Thanks saikee... This is the output I am getting

[email protected]:~$ sudo su
[email protected]:/home/ubuntu# mkdir /mnt/sda3
mkdir: cannot create directory `/mnt/sda3': File exists
[email protected]:/home/ubuntu# mount /dev/sda3 /mnt/sda3
$LogFile indicates unclean shutdown (0, 0)
Failed to mount '/dev/sda3': Operation not supported
Mount is denied because NTFS is marked to be in use.
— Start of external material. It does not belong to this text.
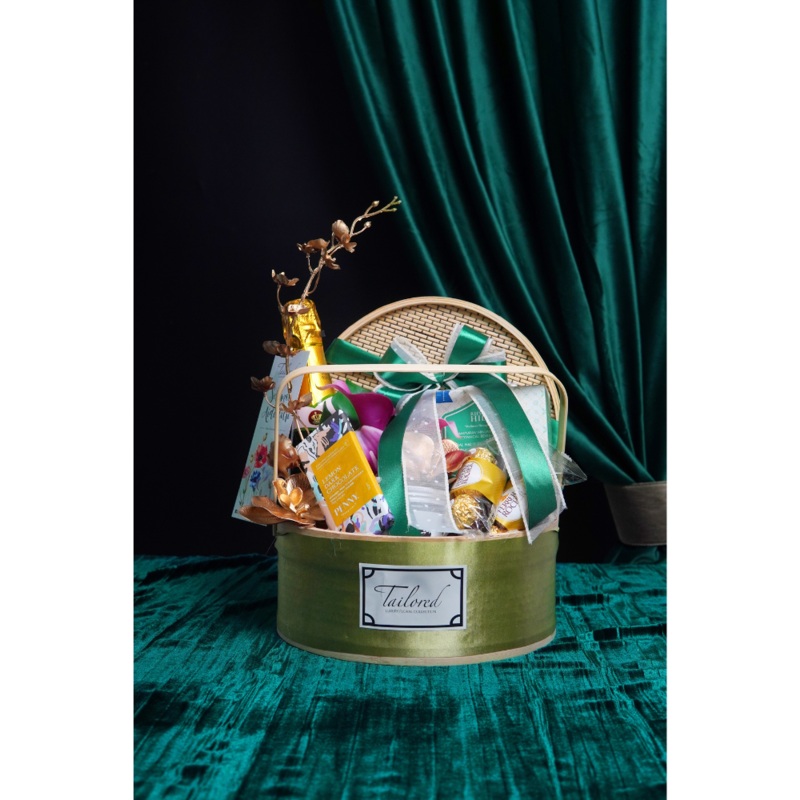 Seikhlas Raya Gift Set (Klang Valley Delivery)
Choose one action:

Choice 1: If you have Windows then disconnect the external devices by
clicking on the 'Safely Remove Hardware' icon in the Windows
taskbar then shutdown Windows cleanly.

Choice 2: If you don't have Windows then you can use the 'force' option for
your own responsibility. For example type on the command line:

mount -t ntfs-3g /dev/sda3 /mnt/sda3 -o force

Or add the option to the relevant row in the /etc/fstab file:

/dev/sda3 /mnt/sda3 ntfs-3g force 0 0
[email protected]:/home/ubuntu# ls /mnt/sda3
[email protected]ubuntu:/home/ubuntu#


----------



## saikee (Jun 11, 2004)

The information suggests your sda3 may have been mounted and in used by yourself. It is usually in the /media directory in Ubuntu.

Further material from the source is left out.